- _The input_
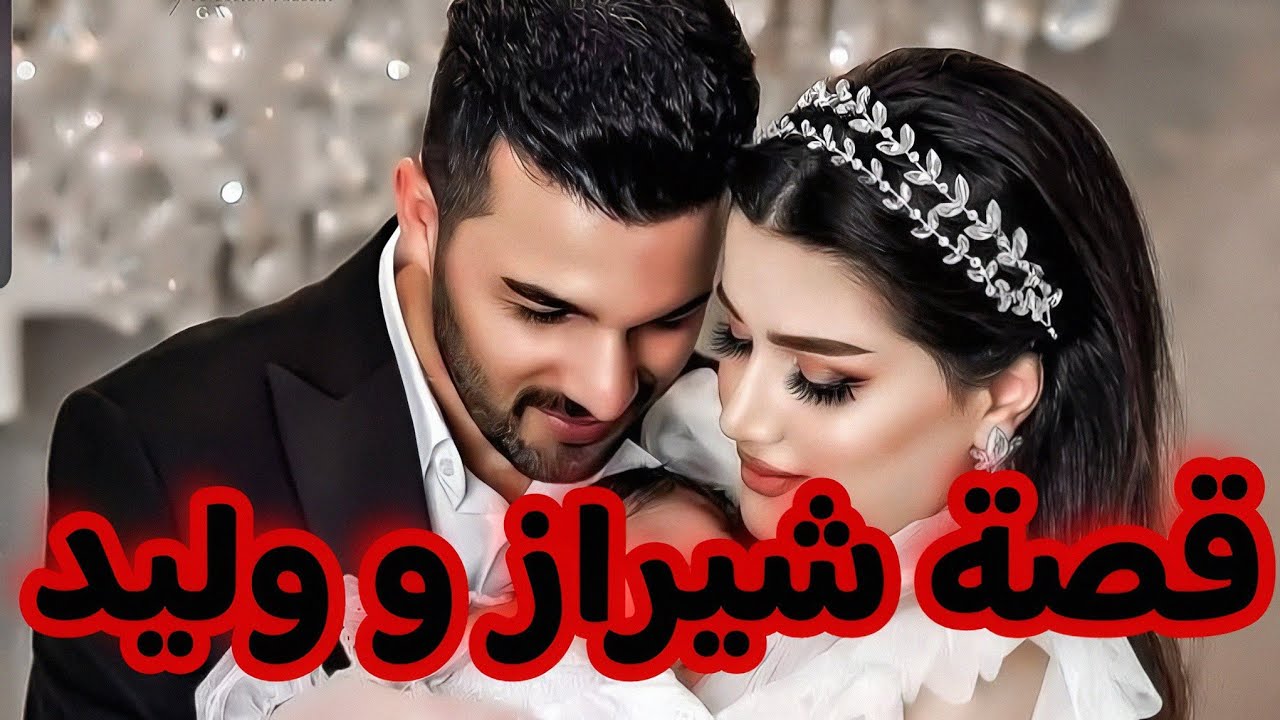قصتي مع راجلي العسكري لي تعرفت عليه بغلطة فالتيليفون ❤️ قصة حب جزائرية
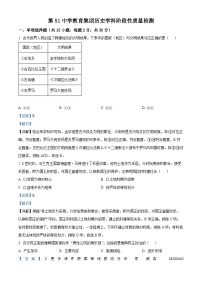 河北省沧州市任丘市第六中学2023-2024学年八年级上学期12月月考生物试题
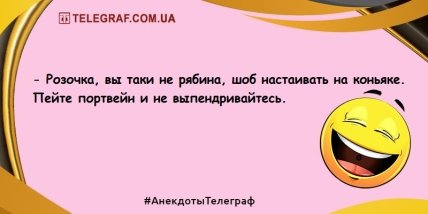 Держись на волне позитива: новые анекдоты на утро (ФОТО)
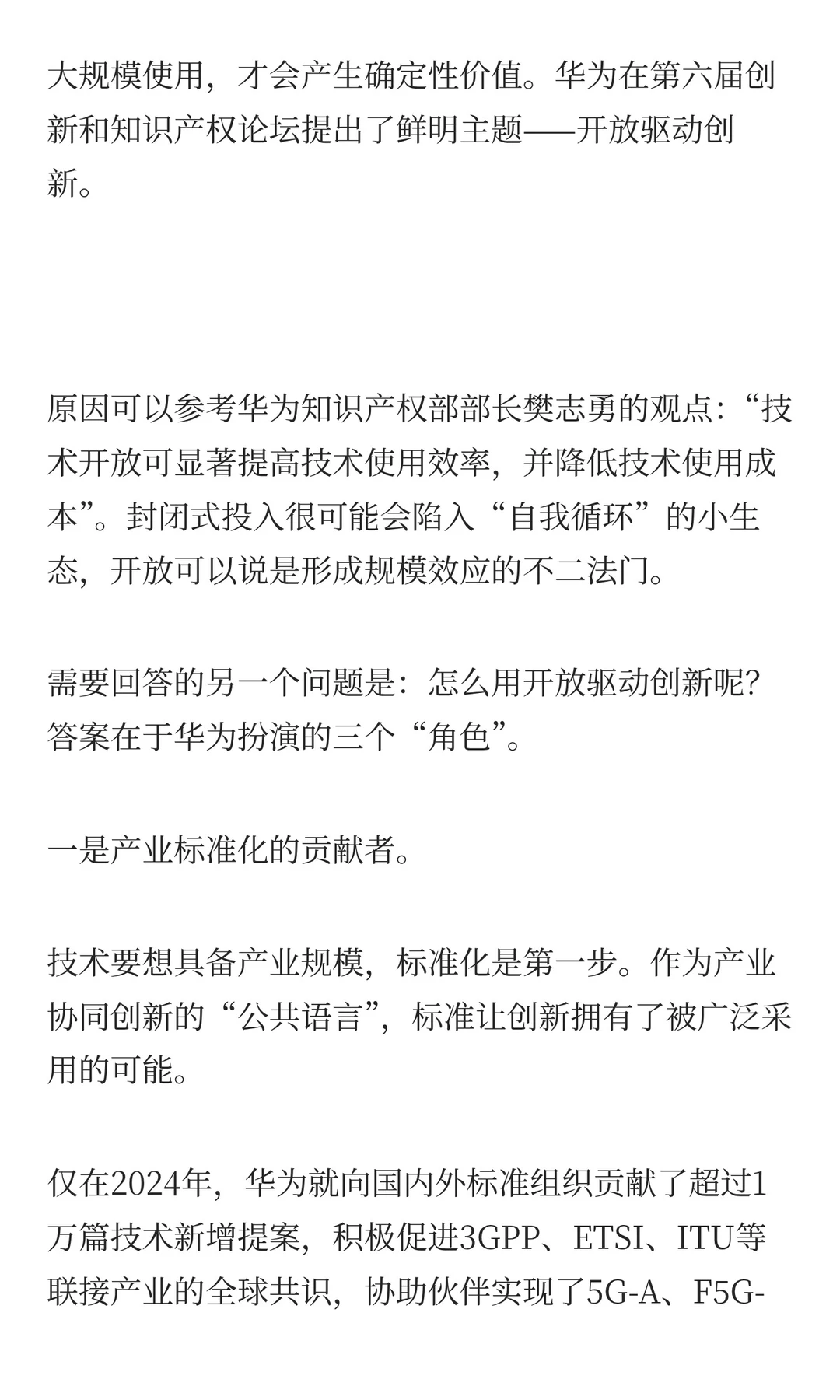创新、开放、尊重,华为的知识产权保护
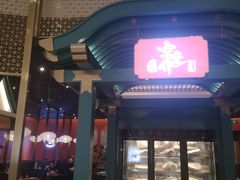 门面-空之介寿喜烧·和牛放题(恒隆广场店)
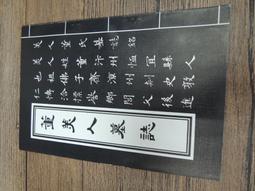 ?-Q2001-廠商舊存】章遏雲自傳-大地出版-菊壇瑰寶.沈葦窗編-32開171頁-1985初版 歷史價格詳細信息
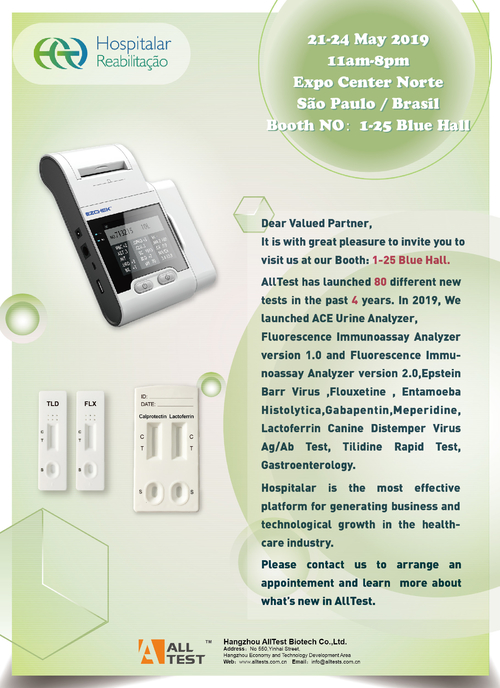 Latest company news about Einladung für Hospitalar 2019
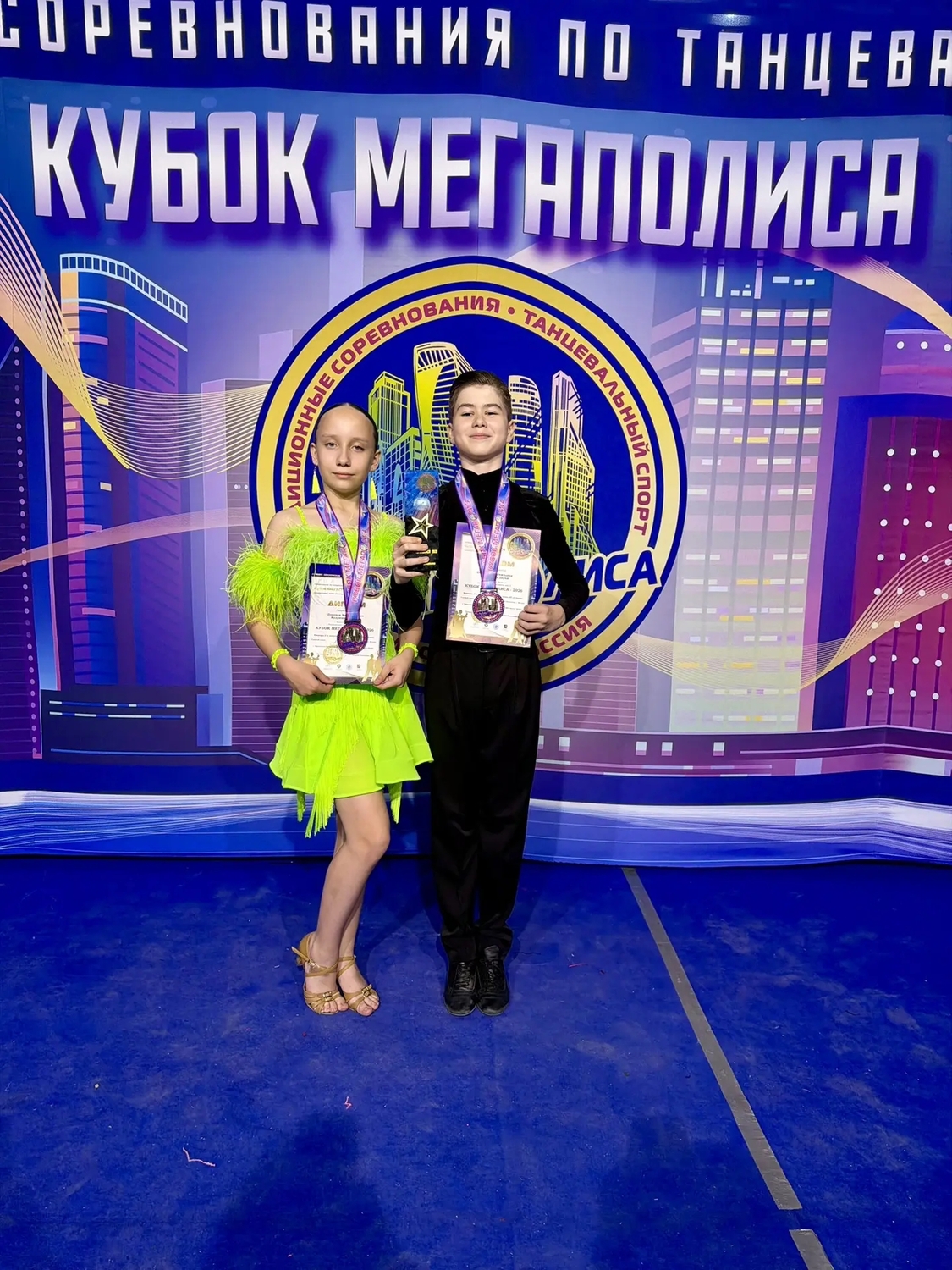 5 - 7 июня 2026 года .<br>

- _Exercise requirements_
Repeat the records exactly but leave out the images.

- _Task solution_
قصتي مع راجلي العسكري لي تعرفت عليه بغلطة فالتيليفون ❤️ قصة حب جزائرية
 河北省沧州市任丘市第六中学2023-2024学年八年级上学期12月月考生物试题
 Держись на волне позитива: новые анекдоты на утро (ФОТО)
创新、开放、尊重,华为的知识产权保护
 门面-空之介寿喜烧·和牛放题(恒隆广场店)
 ?-Q2001-廠商舊存】章遏雲自傳-大地出版-菊壇瑰寶.沈葦窗編-32開171頁-1985初版 歷史價格詳細信息
 Latest company news about Einladung für Hospitalar 2019
 5 - 7 июня 2026 года .<br>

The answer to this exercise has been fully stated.